Tremor inesquecível leva os Açores ao Mundo


Há quem diga que o Tremor é maior que a ilha, quem diga até que o Tremor é um dos festivais mais atrativos do mundo neste momento. Mesmo que quiséssemos, a pequenez da nossa existência não nos permitiria ir tão longe, mas afirmamos – orgulhosos – que enquanto o mundo só pensa no Tremor, o Tremor muda o nosso mundo, muda a nossa Ponta Delgada.  A mudança é uma cidade de gente na rua, de vida e de esperança, uma mudança que ultrapassa os cinco dias de música nos locais mais insólitos, os cinco dias de verdadeira descoberta da cidade.

Começou num armazém armador em Rabo de Peixe, onde os navios ganham vida, e terminou no Cais da Sardinha. Pelo meio, autocarros misteriosos, exposições, conversas e música, muita música. O melhor, o prato forte, estaria guardado para o final. O sábado de Tremor trazia-nos um sem fim de concertos, espalhados por toda a cidade, e uma autêntica romaria. Não podíamos faltar, claro, e aqui fica o que mais nos impressionou.

A inconsolável tristeza de só conseguirmos viver o sábado do Tremor a partir das quatro da tarde rapidamente desvaneceu com os WE SEA na Casa do Bacalhau. Por entre arcadas e um leve odor a bacalhau – na verdade, não podia cheirar a outra coisa na casa do verdadeiro peixe português – uma das bandas mais interessantes no panorama da nova música açoriana vinha com tudo. Num formato com quatro executantes – que sinceramente esperemos que adoptem para a posteridade – os WE SEA mostraram que ser açoriano pode ser uma vantagem na criação musical. Conseguiram pegar na açorianidade que lhes corre nas veias e, com uma execução irrepreensível e impressionante, deixaram-nos de sorriso na cara e prontos para um dia que se adivinhava arrebatador.

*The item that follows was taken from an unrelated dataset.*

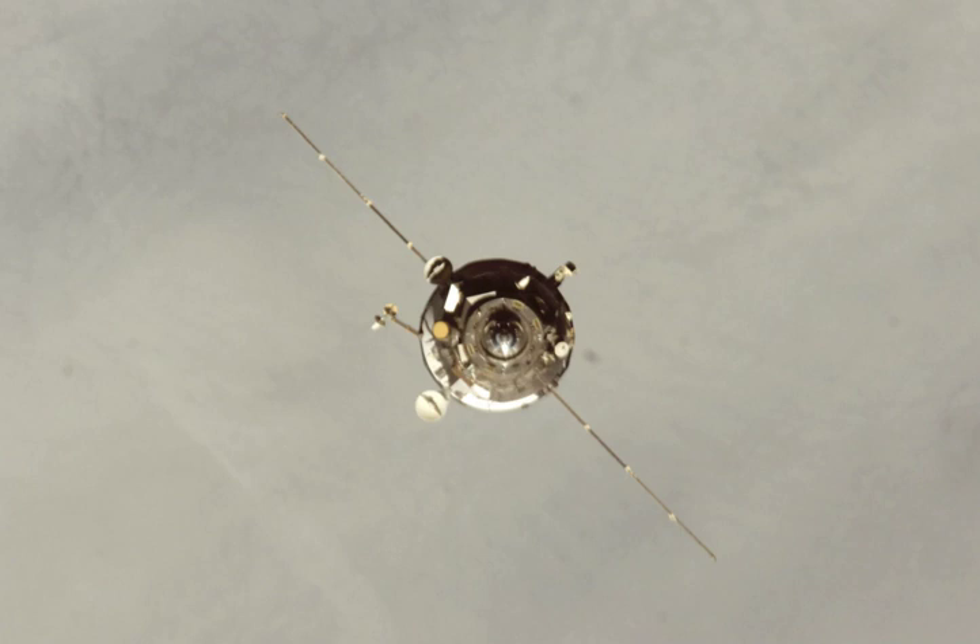Following undocking at 19:46 Greenwich Mean Time on 1 September, it spent a week in free flight conducting experiments for the Plasma Progress Program. It was deorbited on 8 September, with the deorbit burn beginning at 20:47.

A tarde caminhava a passos largos para a noite, mas havia ainda luz pelas ruas de Ponta Delgada. A necessidade de prontamente encerrar os janelões do Raiz Bar com suas enormes portadas e o fumo intenso que corria do palco fazia antever algo único. Um vulto de um gigante aparecia de costas, justamente em frente a uma intensa e incessante luz intermitente, deixando o público atónito. Em contraluz e num cenário aterrador, envolto em sons verdadeiramente caóticos e gritos repetidos, estava Yves Tumor. A cena de entrada provou um arrepio na nuca e fez-nos esperar algo de inesquecível no Tremor, mas a música sinistra e aparentemente sem métrica continuou por longos minutos e acabou por nos ultrapassar. Yves trazia algo extraordinariamente alternativo, com uma sonoridade e musicalidade difíceis de alcançar –  o que rapidamente se notou com o esvaziar da plateia inicialmente repleta de curiosos. Partimos sem arrependimentos,  afinal o Tremor também é descoberta, e toda a descoberta pode ter finais menos felizes.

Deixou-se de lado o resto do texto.